ARPCache Viewer: Quick Guide to Viewing and Managing ARP Entries
What it is
- ARPCache Viewer is a tool (GUI or CLI) that displays the system’s ARP table—mappings of IP addresses to MAC addresses used for local network communication.
Why it matters
- Troubleshooting: Helps diagnose connectivity issues, duplicate IPs, or incorrect MAC bindings.
- Security: Detects ARP spoofing/poisoning by revealing unexpected MAC–IP pairs.
- Network inventory: Quickly shows active hosts on the local subnet.
Common features
- List ARP entries: IP, MAC, interface, age/time since last update, entry type (dynamic/static).
- Filter/search: By IP, MAC, or interface.
- Refresh/update: Manually refresh table or auto-refresh at intervals.
- Add/remove entries: Create static entries or delete dynamic ones (requires privileges).
- Export/import: Save table to CSV or JSON; import static entries.
- Notifications/logging: Alerts for changes or suspicious entries (in advanced tools).
Typical commands/actions (platform-agnostic)
- View table: open tool or run a refresh.
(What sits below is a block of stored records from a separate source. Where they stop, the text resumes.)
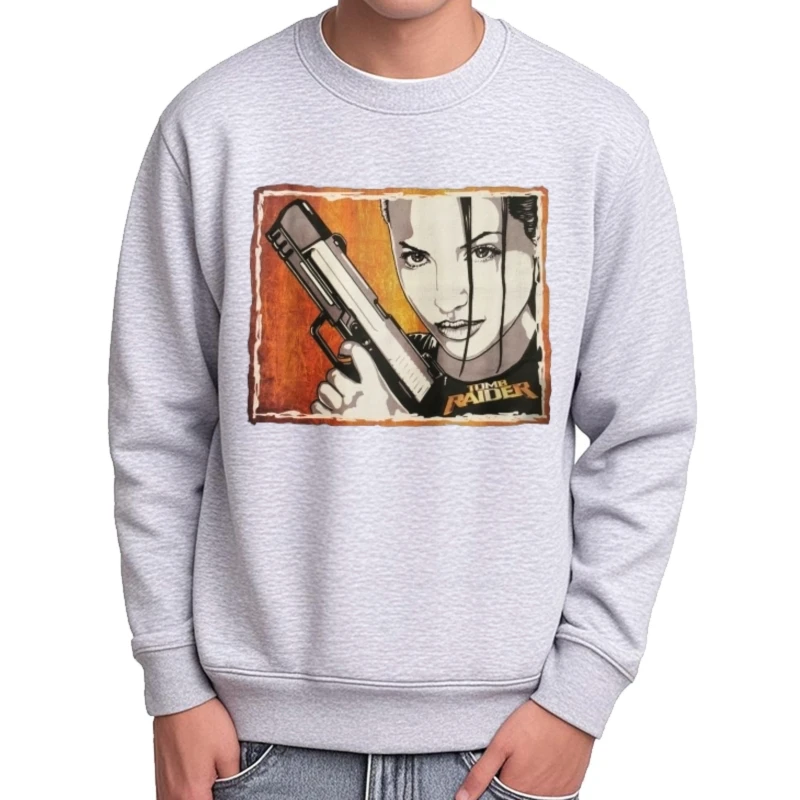 أنجلينا جولي تومب رايدر لارا كروفت الفن الأصلي تنفس الذكور العلامة التجارية أنيق الرجال الخريف السفر الخريف هودي الراحة البلوز #2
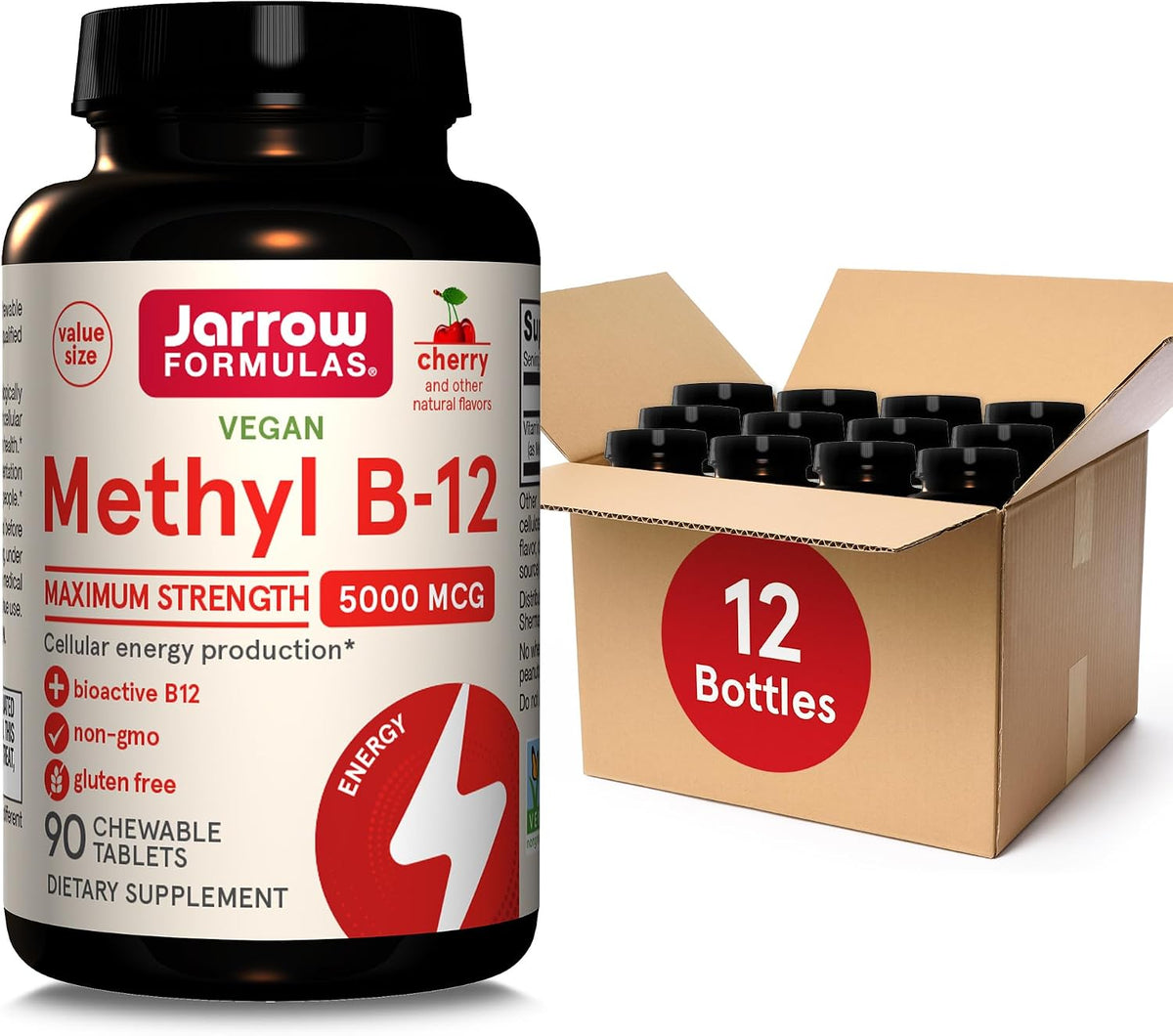 Jarrow Formulae Maximum Strength Methyl B12 5000 mcg – 90 Cherry Chewable Tablets – Bioactive Vitamin B12 - görsel 1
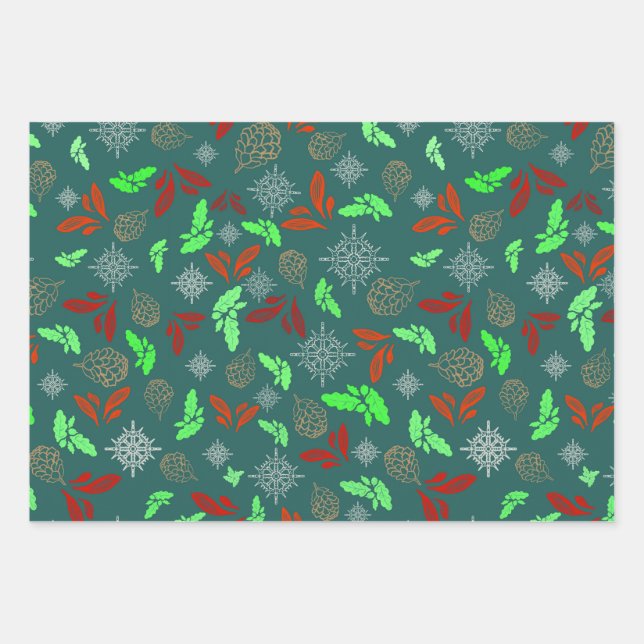 Rustikale Weihnachtsvibes Geschenkpapier Set (Vorderseite)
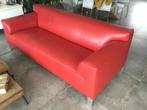Leolux Pode rood leer 2 stuks, Huis en Inrichting, Banken | Bankstellen, Ophalen, Modern design, Driepersoons, 75 tot 100 cm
- Search/filter: enter IP or MAC string.
- Remove entry: select entry → delete (may require elevated rights).
- Add static entry: choose IP + MAC + interface → add → save.
- Export: choose format → export → download/save.
Platform notes
- Windows: Built-in command is
arp -a; GUI tools wrap that output and add editing/export. - Linux/macOS: Use
ip neighorarp -n; many GUI front-ends can parse and present these. - Privileges: Modifying ARP entries typically requires administrator/root rights.
When to use vs when not to
- Use when diagnosing local LAN issues, mapping devices, or hardening against ARP attacks.
- Don’t rely on ARP table alone for wide-area network diagnostics or long-term tracking—entries expire and don’t show traffic beyond the local subnet.
Quick troubleshooting checklist
- Confirm device and interface are correct.
- Refresh ARP table and note entry age.
- Ping target to trigger ARP resolution.
- If entry is incorrect, remove and re-resolve (or add a static entry if needed).
- Check for duplicate MACs—investigate possible spoofing.
- Export current table before making bulk changes.
Security tips
- Use static ARP entries for critical devices when feasible.
- Monitor for frequent MAC changes on the same IP.
- Combine ARP monitoring with switch port security and DHCP snooping.
Further resources
- Run platform-specific commands (
arp -a,ip neigh,arp -n) for raw data. - Consult OS/network device docs for the effect of static ARP entries and persistence across reboots.